On the other hand, there are also limitations seen from the server-side of the site, from the network infrastructure, with regards to how much Google can crawl on the website. They try to balance these, also.
The restrictions tend to be tied to two main things – the overall response time to requests to the website and the number of errors, specifically, server errors that are encountered during crawling.
If Google sees a lot of server errors, then they will slow down the crawling because they would not want to cause more problems if they see that the server is getting slower.

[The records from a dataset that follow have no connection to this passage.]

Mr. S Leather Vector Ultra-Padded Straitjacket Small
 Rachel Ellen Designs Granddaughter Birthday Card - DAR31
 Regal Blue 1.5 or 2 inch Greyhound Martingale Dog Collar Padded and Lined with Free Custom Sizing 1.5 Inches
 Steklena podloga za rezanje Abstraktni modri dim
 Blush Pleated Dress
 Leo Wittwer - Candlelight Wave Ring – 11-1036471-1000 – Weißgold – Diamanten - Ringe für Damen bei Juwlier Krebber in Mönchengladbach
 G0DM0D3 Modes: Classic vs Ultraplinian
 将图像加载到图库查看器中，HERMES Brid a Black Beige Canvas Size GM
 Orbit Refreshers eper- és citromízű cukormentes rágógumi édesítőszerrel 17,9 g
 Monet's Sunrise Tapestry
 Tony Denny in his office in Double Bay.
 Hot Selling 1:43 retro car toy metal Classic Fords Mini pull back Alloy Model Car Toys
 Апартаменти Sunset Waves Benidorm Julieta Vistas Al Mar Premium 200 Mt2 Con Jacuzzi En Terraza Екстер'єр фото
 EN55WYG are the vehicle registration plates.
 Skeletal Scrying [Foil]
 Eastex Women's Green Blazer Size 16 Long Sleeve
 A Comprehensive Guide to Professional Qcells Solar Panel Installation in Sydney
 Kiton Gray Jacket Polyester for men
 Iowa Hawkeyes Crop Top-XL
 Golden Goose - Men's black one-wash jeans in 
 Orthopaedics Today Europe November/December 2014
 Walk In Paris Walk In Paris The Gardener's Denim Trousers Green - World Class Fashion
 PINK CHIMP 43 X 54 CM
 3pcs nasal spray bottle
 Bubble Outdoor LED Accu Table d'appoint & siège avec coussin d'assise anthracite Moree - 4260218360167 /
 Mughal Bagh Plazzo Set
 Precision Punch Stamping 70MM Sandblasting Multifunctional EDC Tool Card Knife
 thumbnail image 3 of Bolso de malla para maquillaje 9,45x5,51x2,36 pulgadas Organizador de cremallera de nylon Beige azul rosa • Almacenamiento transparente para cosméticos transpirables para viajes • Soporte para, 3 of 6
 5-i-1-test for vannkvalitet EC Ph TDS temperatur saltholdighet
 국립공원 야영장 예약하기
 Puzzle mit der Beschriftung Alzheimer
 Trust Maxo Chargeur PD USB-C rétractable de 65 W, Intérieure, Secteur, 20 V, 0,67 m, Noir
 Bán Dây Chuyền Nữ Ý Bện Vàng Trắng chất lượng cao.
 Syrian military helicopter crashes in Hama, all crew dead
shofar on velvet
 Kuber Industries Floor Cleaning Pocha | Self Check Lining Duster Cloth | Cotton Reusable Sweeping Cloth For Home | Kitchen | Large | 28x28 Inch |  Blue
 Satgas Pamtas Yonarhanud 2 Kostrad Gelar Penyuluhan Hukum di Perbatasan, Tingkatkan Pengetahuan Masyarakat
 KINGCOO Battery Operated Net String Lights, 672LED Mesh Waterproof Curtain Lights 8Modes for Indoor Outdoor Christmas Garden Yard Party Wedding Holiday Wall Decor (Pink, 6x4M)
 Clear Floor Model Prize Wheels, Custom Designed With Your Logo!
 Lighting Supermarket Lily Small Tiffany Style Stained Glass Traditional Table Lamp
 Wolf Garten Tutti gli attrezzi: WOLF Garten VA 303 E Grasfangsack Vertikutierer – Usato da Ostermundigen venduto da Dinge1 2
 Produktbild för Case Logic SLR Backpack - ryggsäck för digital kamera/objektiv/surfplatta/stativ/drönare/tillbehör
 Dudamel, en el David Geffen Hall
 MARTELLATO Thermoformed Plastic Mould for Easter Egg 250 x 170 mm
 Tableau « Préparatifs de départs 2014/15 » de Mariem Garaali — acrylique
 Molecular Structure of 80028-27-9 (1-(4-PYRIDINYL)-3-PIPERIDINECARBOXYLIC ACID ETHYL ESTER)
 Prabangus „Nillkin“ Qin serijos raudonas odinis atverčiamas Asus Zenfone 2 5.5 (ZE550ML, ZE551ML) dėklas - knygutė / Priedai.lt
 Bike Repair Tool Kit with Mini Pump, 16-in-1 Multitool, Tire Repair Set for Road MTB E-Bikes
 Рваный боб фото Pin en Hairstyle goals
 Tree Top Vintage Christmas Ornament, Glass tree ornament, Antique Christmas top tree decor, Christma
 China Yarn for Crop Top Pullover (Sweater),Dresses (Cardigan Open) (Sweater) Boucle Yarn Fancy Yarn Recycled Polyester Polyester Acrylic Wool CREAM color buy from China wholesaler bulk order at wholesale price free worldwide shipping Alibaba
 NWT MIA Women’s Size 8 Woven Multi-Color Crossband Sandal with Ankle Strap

They will also slow down crawling because they do not want to cause problems with their crawling.
Those are the two main factors that come into play.
When it comes to the speed aspect, Google has two different ways of looking at speed and sometimes, that gets confusing when you look at the crawl rate.
Specifically for the crawl rate, they just look at how quickly can they request a url from the server.
Another aspect of speed that you can probably run into is around the core web vitals and how quickly a page loads in a browser. The speed that it takes in the browser for a page to load tends not to be related directly to the speed that it takes for crawlers to fetch an individual url on a site.
This is because in a browser, you have to process the Javascript, pull in all the external files, render content, etc., and all these takes a different amount of time than just fetching the url for a crawler.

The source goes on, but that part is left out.